He could even be brought face-to-face with a surviving witness from the Sobibor death camp in Nazi-occupied Poland, where he was a guard in 1943, German television said.
The witness, 82-year-old Thomas Blatt, described the conditions at Sobibor was “as close as approximation of Hell as has ever been created on this Earth.”
In an interview with Spiegel magazine, Blatt said: “They abused us. They shot new arrivals who were old and sick and could not go on. And there were some who pushed naked people into the gas chambers with bayonets.”
“Sobibor was a factory. Only a few hours passed between arrival and the burning of a body,” Blatt said.
Demjanjuk has always insisted that he was forced to work for the Nazis and has been mistaken by survivors for other cruel guards.
His son John wrote on Monday: “Given the history of this case and not a shred of evidence that he ever hurt one person let alone murdered anyone anywhere, this is inhuman even if the courts have said it is lawful.”

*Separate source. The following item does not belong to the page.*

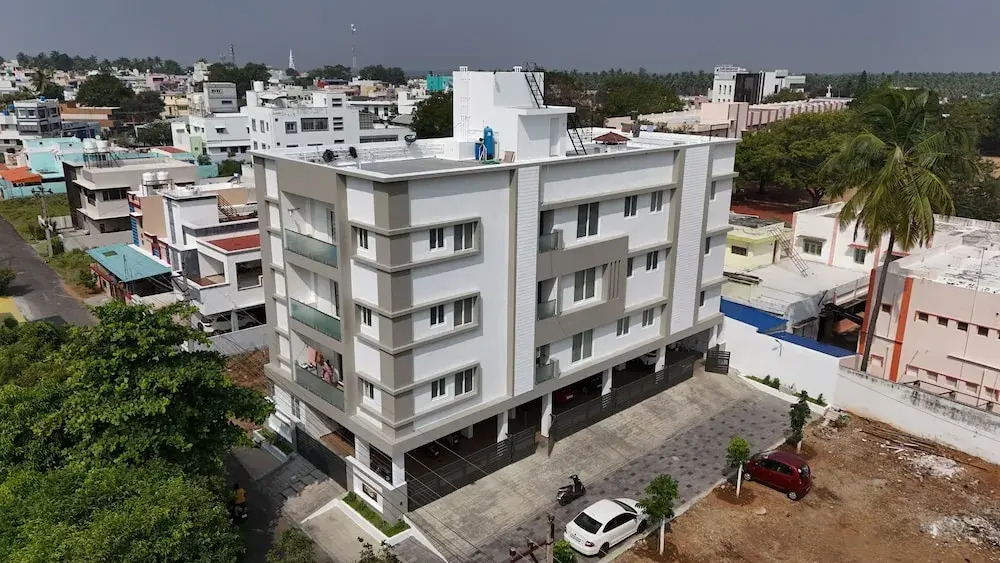 Thulasi Avenue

“This is not justice, it is a vendetta in the falsified name of justice with the hope that somehow Germany will atone for its past,” the son said.
But Demjanjuk is right at the top of Nazi hunters’ most-wanted list.

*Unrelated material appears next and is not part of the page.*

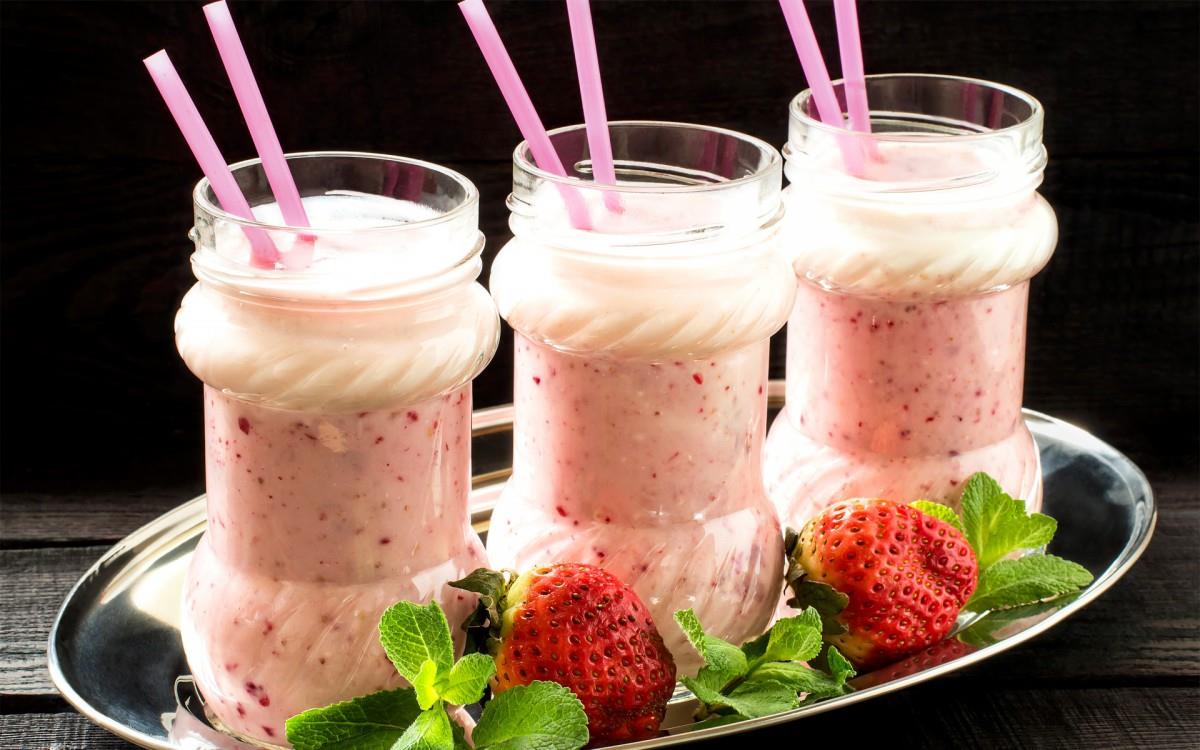 营养奶制品图片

He was suspect No. 3 in the Simon Wiesenthal Center’s latest report on Nazi war criminal — behind two others thought already dead.
The group’s founder, Rabbi Marvin Hier, said that if Demjanjuk comes to trial, it “will probably be the last trial of a Nazi war criminal.”
However, Stephan Kramer, general secretary of the Central Council of Jews in Germany, said he did not believe Demjanjuk would be jailed.
“I am not so naive to think that he will spend a single day in prison,” Kramer told German TV channel N24.
“But we will at least have a discussion about German post-war justice and how they deal with Nazi criminals ... In this sense, it is good and right that he was deported to Germany and will be placed before a court here,” he said.
If he did appear before the court, it would be the second time he has faced such charges.
He was condemned to death in Israel in 1988 after he was convicted of being the sadistic Nazi guard nicknamed “Ivan the Terrible,” who would hack naked prisoners to death with a sword.
However, the verdict was overturned by Israel’s Supreme Court in 1993 when statements from former guards identified another man as “Ivan the Terrible.”
“I do not care whether he goes to prison or not. It is the trial that is important to me. I want the truth. People need to know what it was like at Sobibor,” Blatt said.